*RECORDED DATA*.
[Start of section]

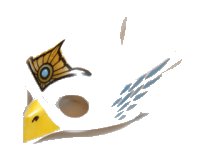 LEGO part Minifigure, Headgear Mask Bird / Eagle with Yellow Beak, Gold Tiara, and Medium Blue Feathers Pattern 12549pb04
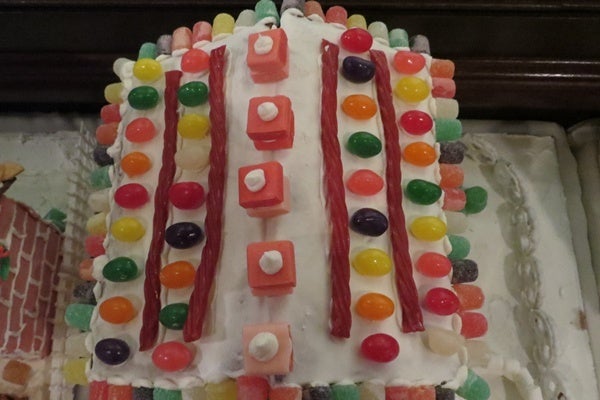 <p><p>Bubble gum, jelly beans and licorice decorate the roof of a house (Shana O'Malley/NewsWorks)</p></p>
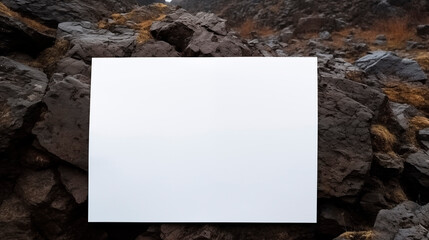 Wall Mural - Blank white card mockup against formation of dark jagged rocks, ai generated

[End of section]

*ACTIVITY*. Exact repetition is required for the lines from the first one in the listing through the one that holds "<p><p>Bubble gum, jelly", and pictures are to be omitted.

*TASK RESULT*.
 LEGO part Minifigure, Headgear Mask Bird / Eagle with Yellow Beak, Gold Tiara, and Medium Blue Feathers Pattern 12549pb04
 <p><p>Bubble gum, jelly beans and licorice decorate the roof of a house (Shana O'Malley/NewsWorks)</p></p>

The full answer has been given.